Les conditions sont parfaites pendant quelques kilomètres : fort vent dans le dos et route bitumée, je fonce en pédalant à peine. Mais bifurcation à gauche pour El Calafate et le bitume cède la place à une piste qui a l’air bien pourrie. Un baraquement sur le bord semble occupé, je fais toc toc pour quémander de l’eau afin de remplir mes bidons : c’est un succès, même pas besoin de Google Translate. Et mon faible niveau d’espagnol me permet même de comprendre que mes interlocuteurs me déconseillent de prendre cette piste à vélo. Certes, il y a un autre itinéraire, bitumé lui, mais qui rallonge d’environ 100km (c’est celui que Komoot, mon appli GPS Vélo, m’a proposé).
Je tergiverse et finalement m’engage sur cette piste. Dès les premières dizaines de mètres je sens que ça va être un plan galère. Le vent est toujours favorable mais il souffle trop fort, je suis obligé de freiner car au-dessous de 10km/h ca secoue trop fort. Parfois je suis même obligé de mettre pied à terre sur plusieurs centaines de mètres de peur de tout casser.

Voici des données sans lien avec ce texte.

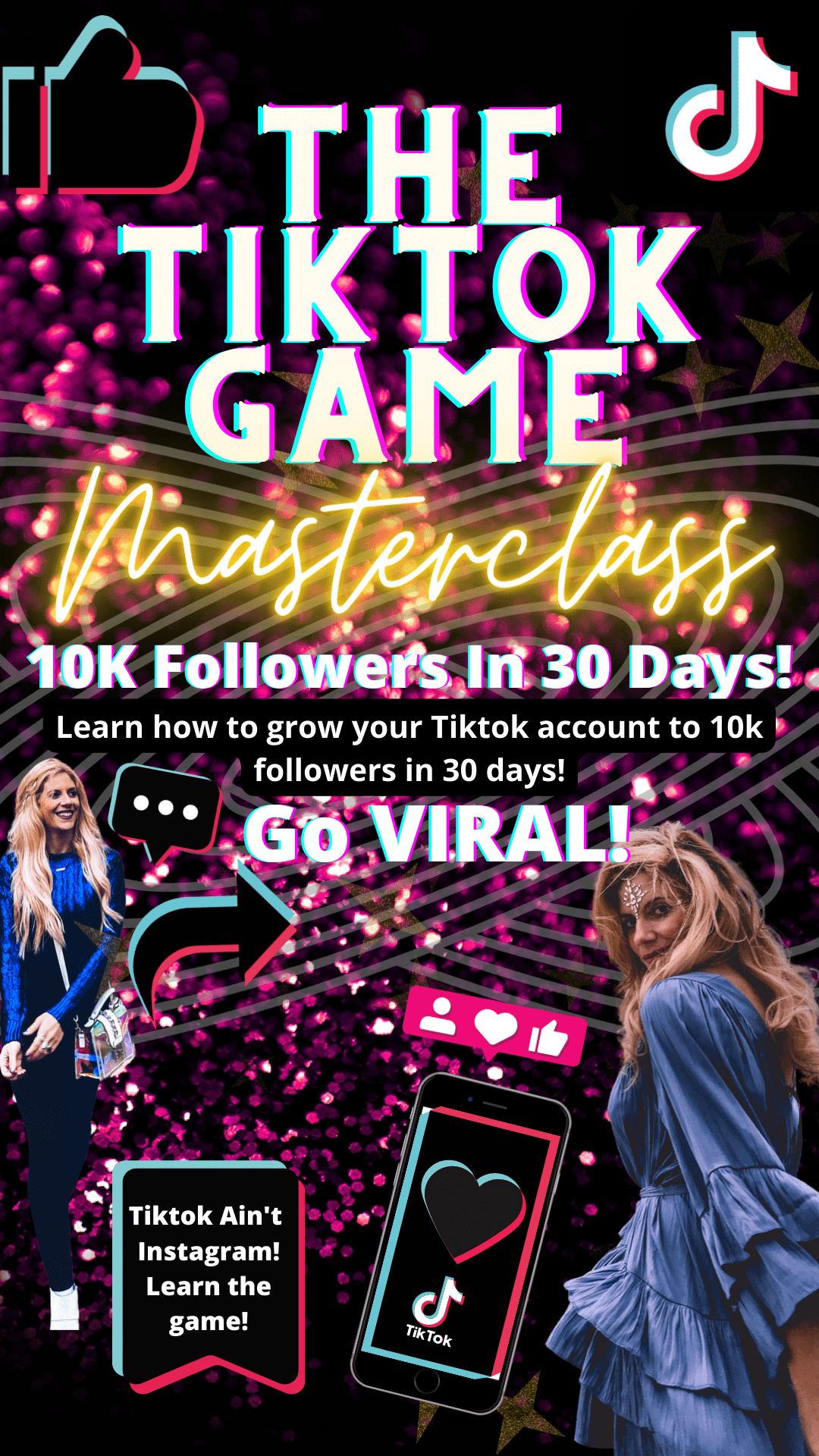 Hofit Kim Cohen -- The Tiktok Game - Go Viral In 30-Days Masterclass!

Le temps défile, les km un peu moins et une question clé se pose : où vais-je passer la nuit ? Le vent est trop fort pour sortir la tente et aucun abris à l’horizon. Les collines sont trop petites et pas assez pentues. À un moment un tas de pierre me donne un espoir mais non, l’abris est inefficace.
Ma bouée de sauvetage : un poste de police abandonné, que je réussis à rallier vers 22h30, à la tombée de la nuit après plus de 9h passées sur la selle. Le spot, que je découvre à la frontale, est un peu glauque mais je m’installe dans une petite pièce avec des fenêtres et même une porte : adios viento !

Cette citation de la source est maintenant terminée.